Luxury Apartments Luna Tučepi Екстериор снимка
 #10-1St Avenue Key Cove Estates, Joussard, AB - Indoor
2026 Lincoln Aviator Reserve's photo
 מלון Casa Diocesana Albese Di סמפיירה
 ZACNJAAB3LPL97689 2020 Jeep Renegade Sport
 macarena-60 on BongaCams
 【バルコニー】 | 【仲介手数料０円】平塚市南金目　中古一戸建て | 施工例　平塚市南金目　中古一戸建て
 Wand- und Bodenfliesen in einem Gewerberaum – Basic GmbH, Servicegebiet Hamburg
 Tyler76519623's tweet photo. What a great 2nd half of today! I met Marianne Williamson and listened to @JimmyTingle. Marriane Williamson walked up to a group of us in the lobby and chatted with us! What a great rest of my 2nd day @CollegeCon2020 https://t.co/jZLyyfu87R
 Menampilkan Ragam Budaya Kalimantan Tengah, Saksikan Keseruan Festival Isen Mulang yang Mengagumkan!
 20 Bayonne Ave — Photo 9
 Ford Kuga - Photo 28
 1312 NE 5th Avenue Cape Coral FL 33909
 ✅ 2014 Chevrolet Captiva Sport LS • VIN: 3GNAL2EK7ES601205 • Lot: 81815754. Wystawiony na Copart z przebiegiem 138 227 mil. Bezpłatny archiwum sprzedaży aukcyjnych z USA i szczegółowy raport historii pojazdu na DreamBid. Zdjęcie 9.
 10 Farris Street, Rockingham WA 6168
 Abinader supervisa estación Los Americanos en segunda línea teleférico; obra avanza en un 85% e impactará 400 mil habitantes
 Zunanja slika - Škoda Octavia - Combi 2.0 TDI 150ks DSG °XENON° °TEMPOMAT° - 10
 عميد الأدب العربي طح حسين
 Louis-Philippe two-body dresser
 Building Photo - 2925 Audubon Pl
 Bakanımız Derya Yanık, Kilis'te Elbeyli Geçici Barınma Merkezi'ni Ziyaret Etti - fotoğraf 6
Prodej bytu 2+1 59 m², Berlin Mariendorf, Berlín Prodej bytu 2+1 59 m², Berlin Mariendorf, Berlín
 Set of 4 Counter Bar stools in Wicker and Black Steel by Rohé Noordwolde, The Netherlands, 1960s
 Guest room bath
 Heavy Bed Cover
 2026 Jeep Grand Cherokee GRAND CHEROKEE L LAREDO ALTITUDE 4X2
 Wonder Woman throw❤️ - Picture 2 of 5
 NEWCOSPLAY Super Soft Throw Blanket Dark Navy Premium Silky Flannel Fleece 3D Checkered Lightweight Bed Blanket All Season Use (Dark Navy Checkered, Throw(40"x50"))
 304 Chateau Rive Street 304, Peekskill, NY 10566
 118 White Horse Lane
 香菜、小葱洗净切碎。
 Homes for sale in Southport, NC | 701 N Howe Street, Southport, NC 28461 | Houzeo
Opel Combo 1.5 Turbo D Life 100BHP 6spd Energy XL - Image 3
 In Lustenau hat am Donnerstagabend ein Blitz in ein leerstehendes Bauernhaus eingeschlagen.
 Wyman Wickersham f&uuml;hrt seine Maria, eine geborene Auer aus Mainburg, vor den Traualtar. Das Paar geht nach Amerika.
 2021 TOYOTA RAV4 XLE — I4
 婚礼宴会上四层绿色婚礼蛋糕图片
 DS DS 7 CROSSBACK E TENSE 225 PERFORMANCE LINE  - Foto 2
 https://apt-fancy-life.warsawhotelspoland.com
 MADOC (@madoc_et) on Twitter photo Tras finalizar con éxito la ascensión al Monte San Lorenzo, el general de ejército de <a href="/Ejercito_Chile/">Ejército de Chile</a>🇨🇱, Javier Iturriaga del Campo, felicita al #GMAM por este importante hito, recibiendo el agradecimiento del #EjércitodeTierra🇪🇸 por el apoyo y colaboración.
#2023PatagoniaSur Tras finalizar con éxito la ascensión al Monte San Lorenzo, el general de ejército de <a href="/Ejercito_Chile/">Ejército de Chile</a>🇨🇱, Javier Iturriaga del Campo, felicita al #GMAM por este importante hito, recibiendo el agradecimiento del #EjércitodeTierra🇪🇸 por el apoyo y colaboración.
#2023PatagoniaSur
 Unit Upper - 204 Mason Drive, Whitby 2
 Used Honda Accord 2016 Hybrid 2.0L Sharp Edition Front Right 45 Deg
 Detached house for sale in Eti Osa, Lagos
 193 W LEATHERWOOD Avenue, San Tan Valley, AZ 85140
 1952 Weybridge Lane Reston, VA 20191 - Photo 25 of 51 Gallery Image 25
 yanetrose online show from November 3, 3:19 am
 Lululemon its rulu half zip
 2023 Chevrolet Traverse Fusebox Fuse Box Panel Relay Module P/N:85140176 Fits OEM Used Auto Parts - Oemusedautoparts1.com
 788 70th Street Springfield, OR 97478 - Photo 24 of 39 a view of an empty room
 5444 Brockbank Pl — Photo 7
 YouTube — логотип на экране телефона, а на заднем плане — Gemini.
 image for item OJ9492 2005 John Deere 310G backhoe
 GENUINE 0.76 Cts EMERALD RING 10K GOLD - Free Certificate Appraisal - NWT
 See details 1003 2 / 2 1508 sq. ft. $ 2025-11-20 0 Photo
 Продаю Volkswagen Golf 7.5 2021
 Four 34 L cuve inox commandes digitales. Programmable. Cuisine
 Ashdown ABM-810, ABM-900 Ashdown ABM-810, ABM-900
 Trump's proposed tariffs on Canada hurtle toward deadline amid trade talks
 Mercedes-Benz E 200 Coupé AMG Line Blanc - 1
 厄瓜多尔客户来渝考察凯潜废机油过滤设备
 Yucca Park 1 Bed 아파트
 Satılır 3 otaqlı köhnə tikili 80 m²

########################################

> Exercise: Write out exactly the lines from the line holding "婚礼宴会上四层绿色婚礼蛋糕图片" through the last line of the data, and nothing besides those lines.

> Result:
 婚礼宴会上四层绿色婚礼蛋糕图片
 DS DS 7 CROSSBACK E TENSE 225 PERFORMANCE LINE  - Foto 2
 https://apt-fancy-life.warsawhotelspoland.com
 MADOC (@madoc_et) on Twitter photo Tras finalizar con éxito la ascensión al Monte San Lorenzo, el general de ejército de <a href="/Ejercito_Chile/">Ejército de Chile</a>🇨🇱, Javier Iturriaga del Campo, felicita al #GMAM por este importante hito, recibiendo el agradecimiento del #EjércitodeTierra🇪🇸 por el apoyo y colaboración.
#2023PatagoniaSur Tras finalizar con éxito la ascensión al Monte San Lorenzo, el general de ejército de <a href="/Ejercito_Chile/">Ejército de Chile</a>🇨🇱, Javier Iturriaga del Campo, felicita al #GMAM por este importante hito, recibiendo el agradecimiento del #EjércitodeTierra🇪🇸 por el apoyo y colaboración.
#2023PatagoniaSur
 Unit Upper - 204 Mason Drive, Whitby 2
 Used Honda Accord 2016 Hybrid 2.0L Sharp Edition Front Right 45 Deg
 Detached house for sale in Eti Osa, Lagos
 193 W LEATHERWOOD Avenue, San Tan Valley, AZ 85140
 1952 Weybridge Lane Reston, VA 20191 - Photo 25 of 51 Gallery Image 25
 yanetrose online show from November 3, 3:19 am
 Lululemon its rulu half zip
 2023 Chevrolet Traverse Fusebox Fuse Box Panel Relay Module P/N:85140176 Fits OEM Used Auto Parts - Oemusedautoparts1.com
 788 70th Street Springfield, OR 97478 - Photo 24 of 39 a view of an empty room
 5444 Brockbank Pl — Photo 7
 YouTube — логотип на экране телефона, а на заднем плане — Gemini.
 image for item OJ9492 2005 John Deere 310G backhoe
 GENUINE 0.76 Cts EMERALD RING 10K GOLD - Free Certificate Appraisal - NWT
 See details 1003 2 / 2 1508 sq. ft. $ 2025-11-20 0 Photo
 Продаю Volkswagen Golf 7.5 2021
 Four 34 L cuve inox commandes digitales. Programmable. Cuisine
 Ashdown ABM-810, ABM-900 Ashdown ABM-810, ABM-900
 Trump's proposed tariffs on Canada hurtle toward deadline amid trade talks
 Mercedes-Benz E 200 Coupé AMG Line Blanc - 1
 厄瓜多尔客户来渝考察凯潜废机油过滤设备
 Yucca Park 1 Bed 아파트
 Satılır 3 otaqlı köhnə tikili 80 m²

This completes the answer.